Ну ты же им при этом и искренне нравился наверняка.

«Ага. И нравился, но все равно мне это все казалось лживым. И еще очень сильно разочаровывало то, что каждый раз повторяется одно и то же. Я бы мог каждой давать листочек с ролью: сейчас ты скажешь вот это, а я – вот это».

То есть ты стал в этом смысле законченным циником?

«Да я в любом смысле стал законченным циником. К профессии своей стал с цинизмом относиться. В ней для меня на тот момент не осталось магии вообще, я развенчивал все, включая Голливуд, высокобюджетные фильмы, звездных актеров, людей шоу и выход на сцену. Ничто ни на что не годилось. Все казалось ложью. Я проглотил горькую пилюлю и плохо относился к шоу-бизу».

Со стороны невозможно спокойно смотреть на это противоречие: ты добился такого успеха во всех смыслах, но явно от всего этого не было тебе ни счастья, ни удовлетворения, ни спокойствия.

«Не было».

А ты сам видел это противоречие, которое окружающие видели?

«Ну да. Просто это была такая постоянная тема всю мою карьеру. Вот купил первый дом за миллион фунтов, с массивными дверями в патио, откуда выходишь к моему личному озеру, и тут же мелодраматично так типа падаешь на колени: все равно нет счастья! Ну и тут же садишься в машину и едешь делать, что делаешь».

Отчаялся ли ты найти выход из этой ситуации?

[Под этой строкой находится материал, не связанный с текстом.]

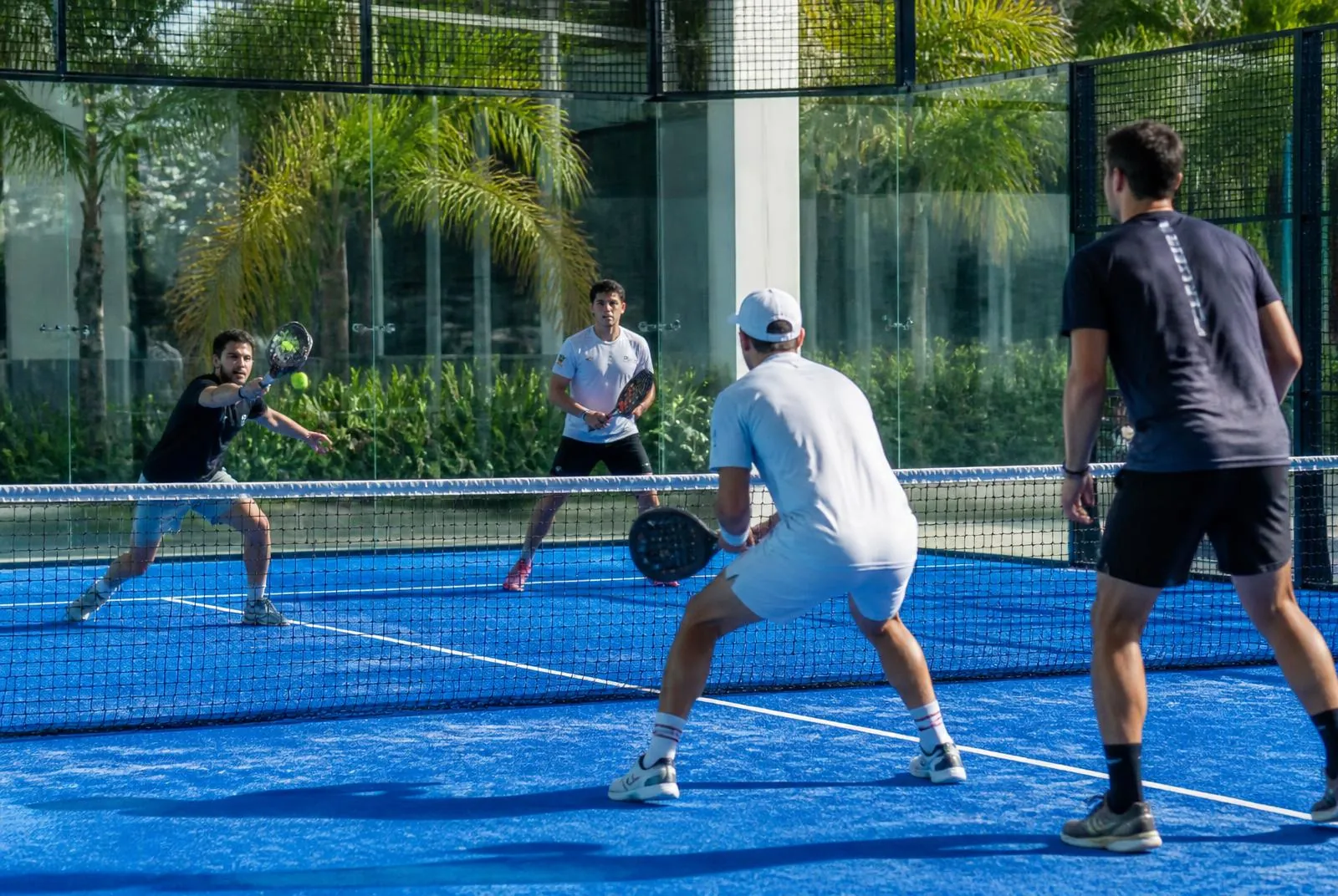 Padel vs Pickleball: Which Should You Try?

«Ты тут в полной изоляции. Потому что единственный человек, с которым я как-то был знаком и который работал так много, – это Элтон Джон. Ему это нравилось. Я удивлялся: зачем он дает двести пятьдесят концертов в год? Зачем, почему и как он это делает? Я его спросил, он ответил, что получает удовольствие. Этого я не понял».